____ Supplied material
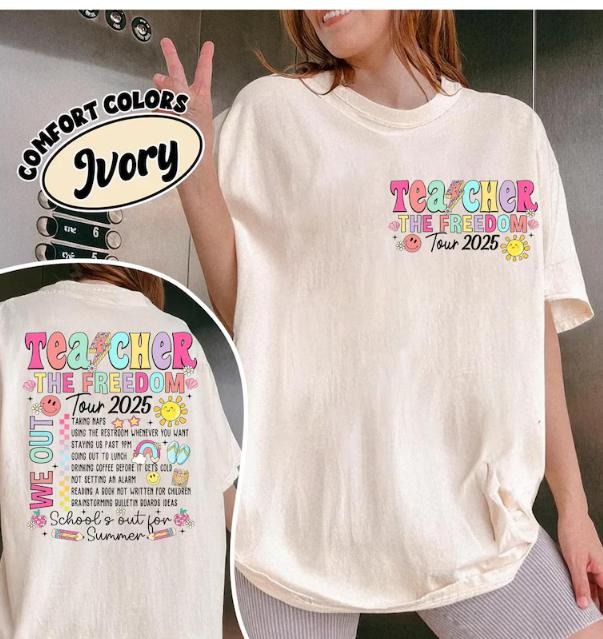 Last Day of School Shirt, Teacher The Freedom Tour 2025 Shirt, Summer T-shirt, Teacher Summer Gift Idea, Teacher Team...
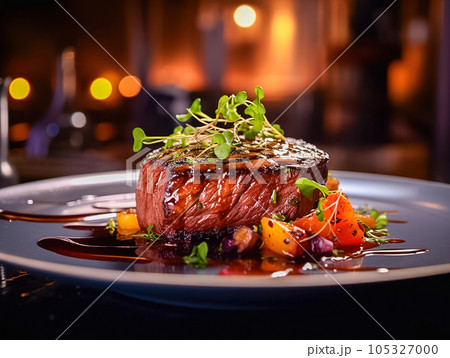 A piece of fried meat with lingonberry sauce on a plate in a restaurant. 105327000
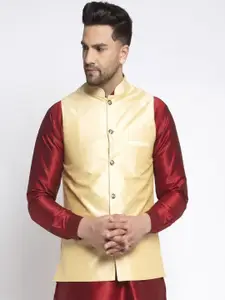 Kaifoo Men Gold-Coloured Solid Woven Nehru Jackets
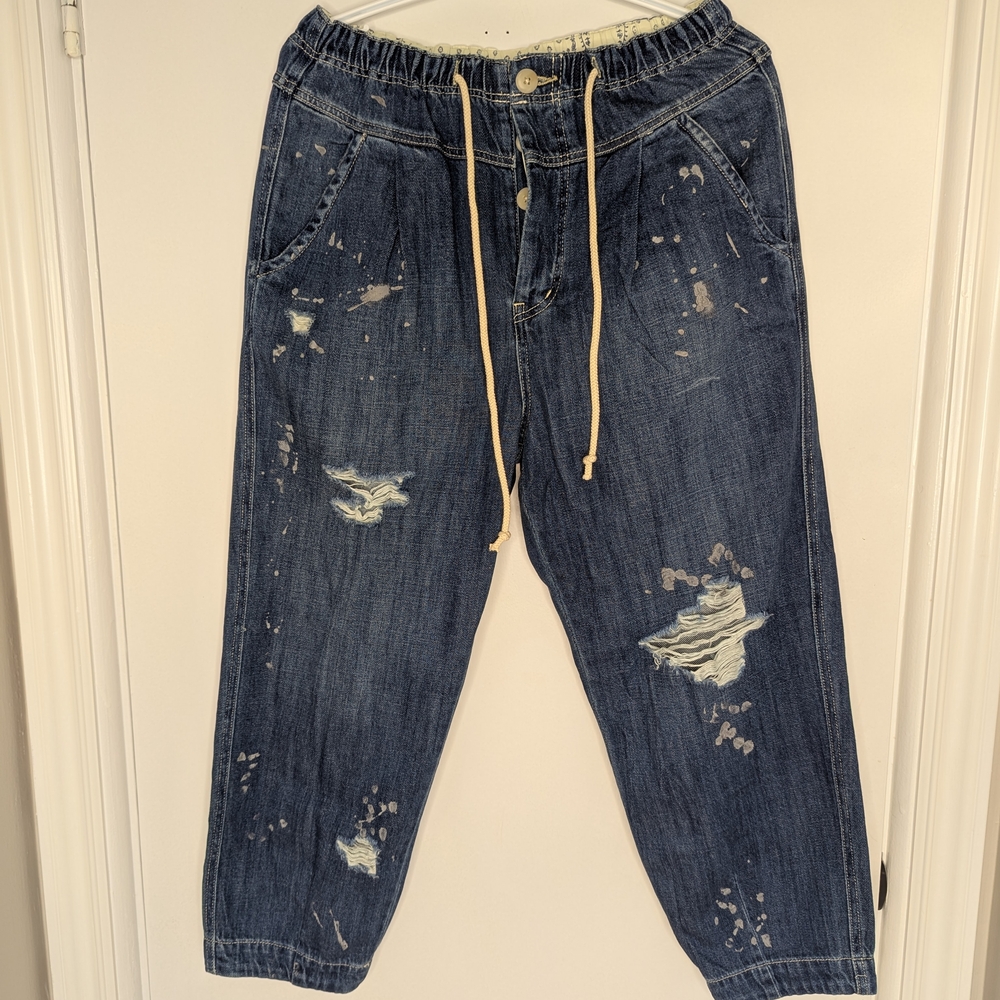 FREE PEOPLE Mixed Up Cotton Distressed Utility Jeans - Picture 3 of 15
________
____ Supplied material
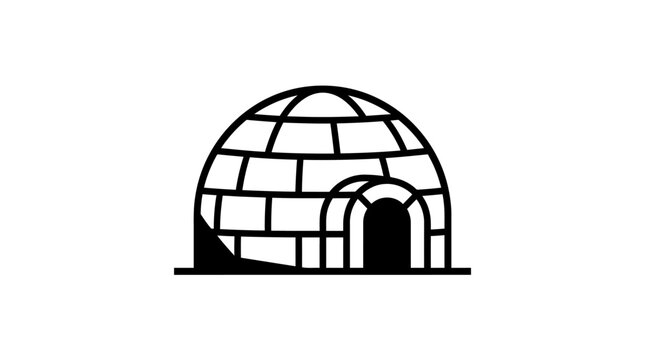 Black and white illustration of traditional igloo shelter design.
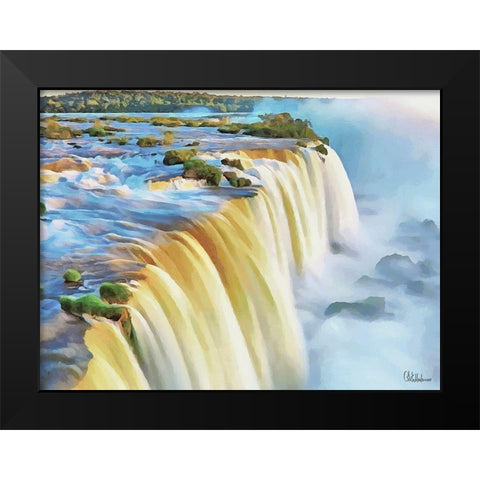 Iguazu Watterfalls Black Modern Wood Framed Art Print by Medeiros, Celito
________
Nothing but the lines above from the one that has "Black and white" down to the one that has "Iguazu Watterfalls Black" belongs in the answer, copied exactly, without pictures.

## [Your response]
 Black and white illustration of traditional igloo shelter design.
 Iguazu Watterfalls Black Modern Wood Framed Art Print by Medeiros, Celito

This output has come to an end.